### Source data
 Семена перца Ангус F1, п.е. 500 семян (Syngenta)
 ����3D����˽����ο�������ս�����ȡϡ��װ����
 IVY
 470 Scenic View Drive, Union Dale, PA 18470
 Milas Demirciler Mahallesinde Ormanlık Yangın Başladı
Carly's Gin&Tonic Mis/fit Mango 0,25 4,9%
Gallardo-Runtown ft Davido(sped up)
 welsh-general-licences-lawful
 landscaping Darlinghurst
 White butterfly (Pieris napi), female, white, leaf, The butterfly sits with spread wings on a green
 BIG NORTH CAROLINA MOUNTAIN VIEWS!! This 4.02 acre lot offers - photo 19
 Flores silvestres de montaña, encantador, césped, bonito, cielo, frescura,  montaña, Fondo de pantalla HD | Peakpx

==

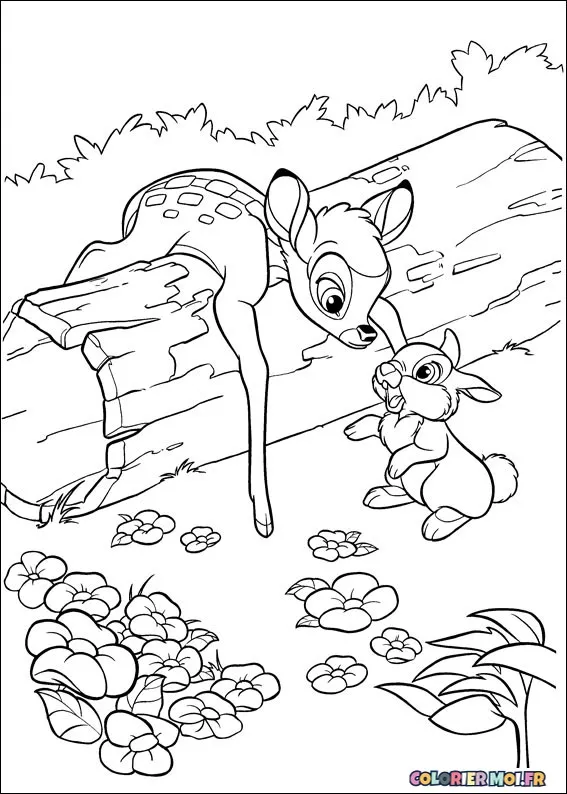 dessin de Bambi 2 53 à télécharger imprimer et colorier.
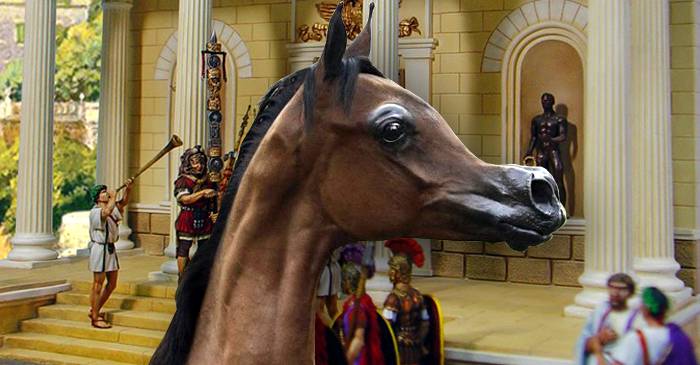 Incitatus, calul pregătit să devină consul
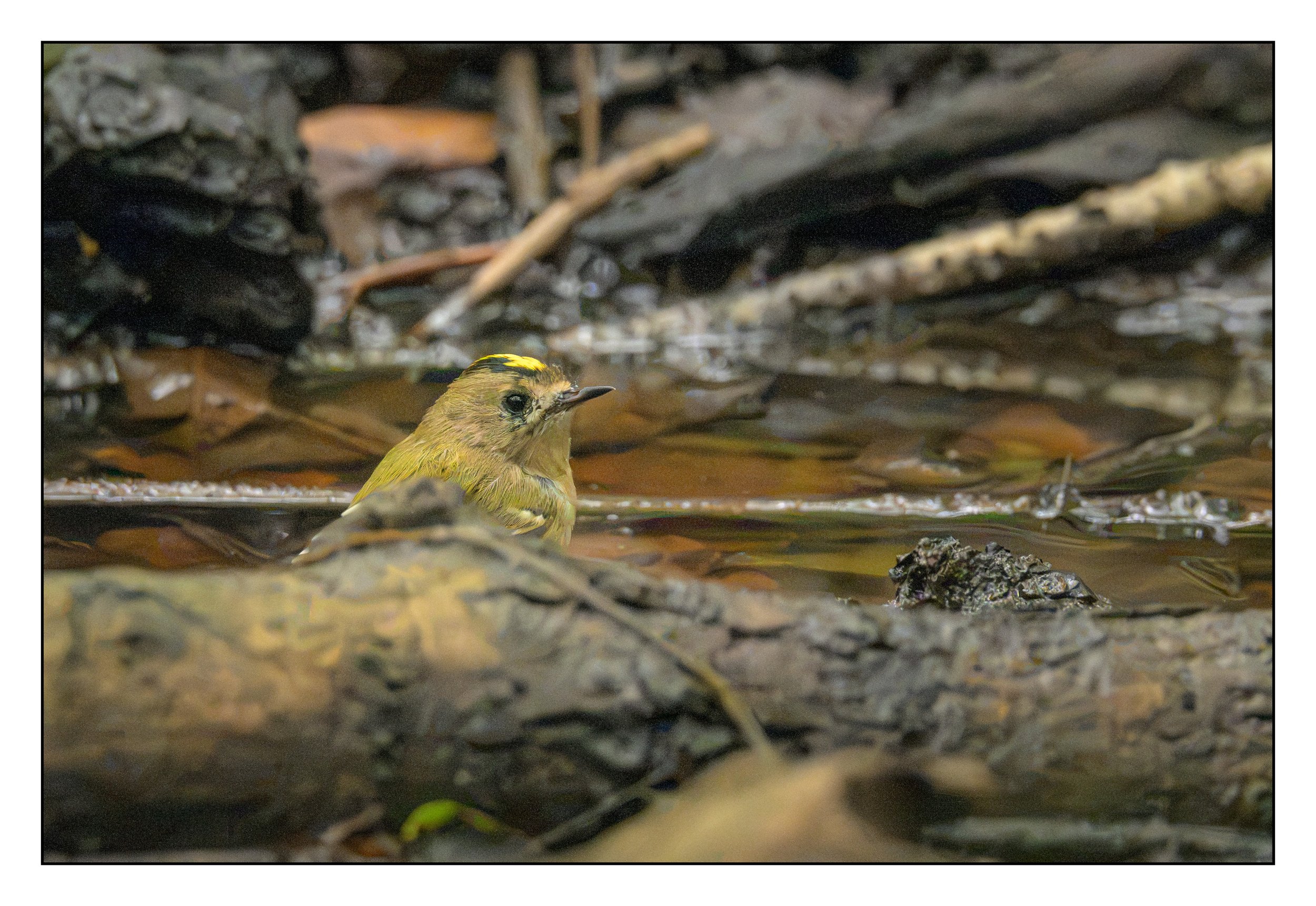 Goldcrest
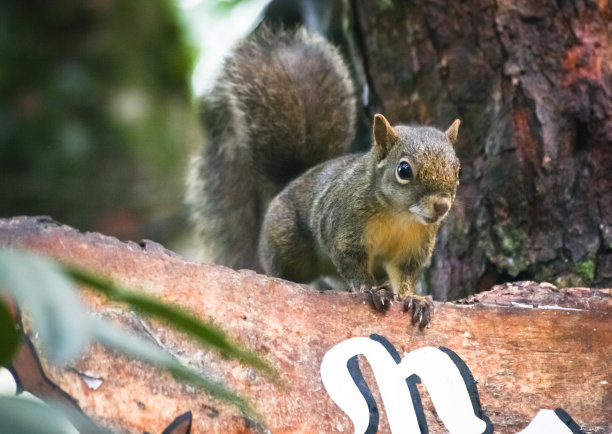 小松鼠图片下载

### Task brief
What is needed is an exact copy of the lines above, from the one containing "Семена перца Ангус" through the one containing "Flores silvestres de", with nothing added.

### Answer to this exercise
 Семена перца Ангус F1, п.е. 500 семян (Syngenta)
 ����3D����˽����ο�������ս�����ȡϡ��װ����
 IVY
 470 Scenic View Drive, Union Dale, PA 18470
 Milas Demirciler Mahallesinde Ormanlık Yangın Başladı
Carly's Gin&Tonic Mis/fit Mango 0,25 4,9%
Gallardo-Runtown ft Davido(sped up)
 welsh-general-licences-lawful
 landscaping Darlinghurst
 White butterfly (Pieris napi), female, white, leaf, The butterfly sits with spread wings on a green
 BIG NORTH CAROLINA MOUNTAIN VIEWS!! This 4.02 acre lot offers - photo 19
 Flores silvestres de montaña, encantador, césped, bonito, cielo, frescura,  montaña, Fondo de pantalla HD | Peakpx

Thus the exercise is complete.